_Problem requirements:_ Verbatim output of the lines below is required, with the images omitted.

_Data:_
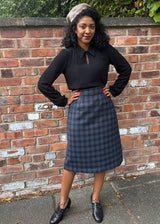1940s A-Line Skirt - Blue Check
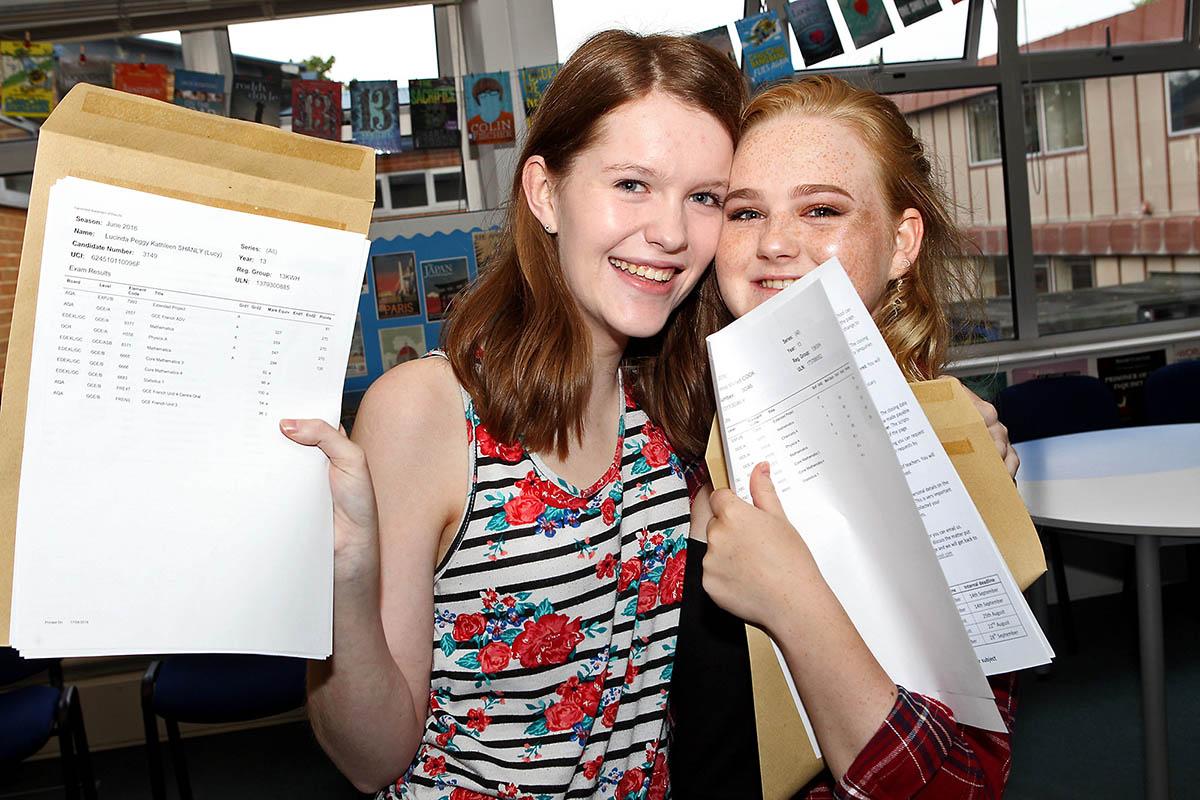Pictures from around Oxfordshire of student receiving their A Level results, Wallingford School.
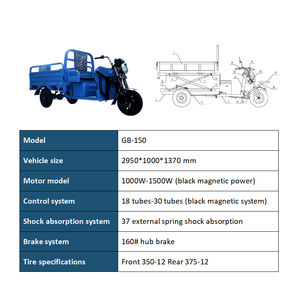 Tricycle Électrique Vente Directe d'Usine Moto Cargo à Caisse Ouverte Vente en Gros Tricycle Électrique pour Adulte avec Cabine Camion Cargo Électrique - Product Image 5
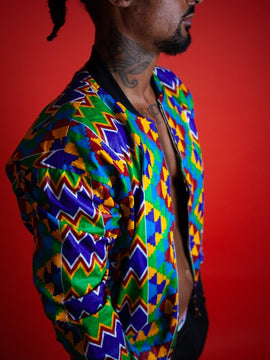 Chaqueta bomber africana en eléctrico azul Kente impresión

_Answer to the problem:_
1940s A-Line Skirt - Blue Check
Pictures from around Oxfordshire of student receiving their A Level results, Wallingford School.
 Tricycle Électrique Vente Directe d'Usine Moto Cargo à Caisse Ouverte Vente en Gros Tricycle Électrique pour Adulte avec Cabine Camion Cargo Électrique - Product Image 5
 Chaqueta bomber africana en eléctrico azul Kente impresión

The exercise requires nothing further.